> [PROMPT]:
Each line below from the one containing "Naviglio, Sweet Dreams" through the one containing "For Sale: $462,900" is to be given again exactly, and no line outside that span.

> [DATA FOR THE TASK]:
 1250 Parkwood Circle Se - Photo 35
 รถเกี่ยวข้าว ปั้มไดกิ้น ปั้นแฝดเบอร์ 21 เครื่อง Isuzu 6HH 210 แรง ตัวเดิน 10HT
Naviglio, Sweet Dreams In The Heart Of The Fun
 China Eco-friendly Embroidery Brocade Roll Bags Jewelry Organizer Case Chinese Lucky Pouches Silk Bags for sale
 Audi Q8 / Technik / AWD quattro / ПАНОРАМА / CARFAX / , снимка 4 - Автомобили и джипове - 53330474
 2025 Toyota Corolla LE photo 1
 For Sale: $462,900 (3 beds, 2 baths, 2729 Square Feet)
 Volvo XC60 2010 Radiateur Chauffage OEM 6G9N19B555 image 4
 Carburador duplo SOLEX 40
--
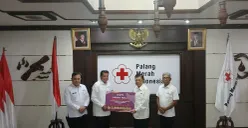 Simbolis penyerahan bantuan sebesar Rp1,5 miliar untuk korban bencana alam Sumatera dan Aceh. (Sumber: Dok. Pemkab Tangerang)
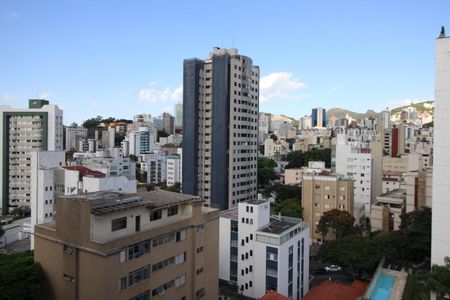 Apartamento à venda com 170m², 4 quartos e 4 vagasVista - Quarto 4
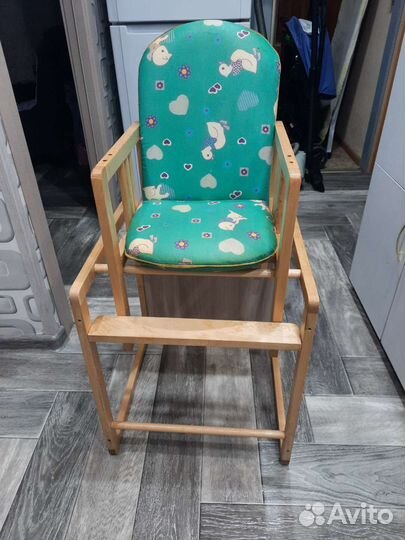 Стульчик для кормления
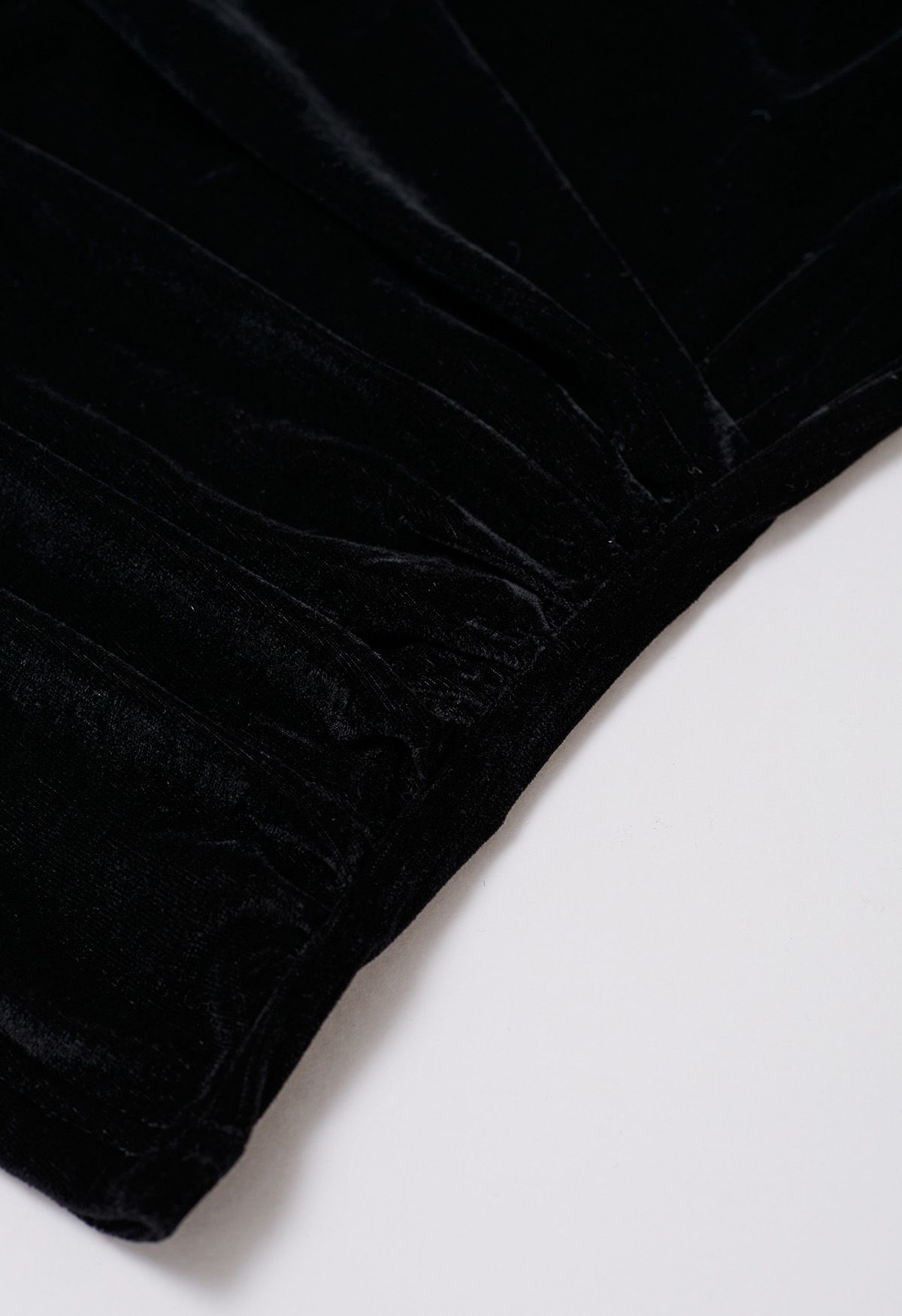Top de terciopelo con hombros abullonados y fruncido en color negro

> [SOLUTION BELOW]:
Naviglio, Sweet Dreams In The Heart Of The Fun
 China Eco-friendly Embroidery Brocade Roll Bags Jewelry Organizer Case Chinese Lucky Pouches Silk Bags for sale
 Audi Q8 / Technik / AWD quattro / ПАНОРАМА / CARFAX / , снимка 4 - Автомобили и джипове - 53330474
 2025 Toyota Corolla LE photo 1
 For Sale: $462,900 (3 beds, 2 baths, 2729 Square Feet)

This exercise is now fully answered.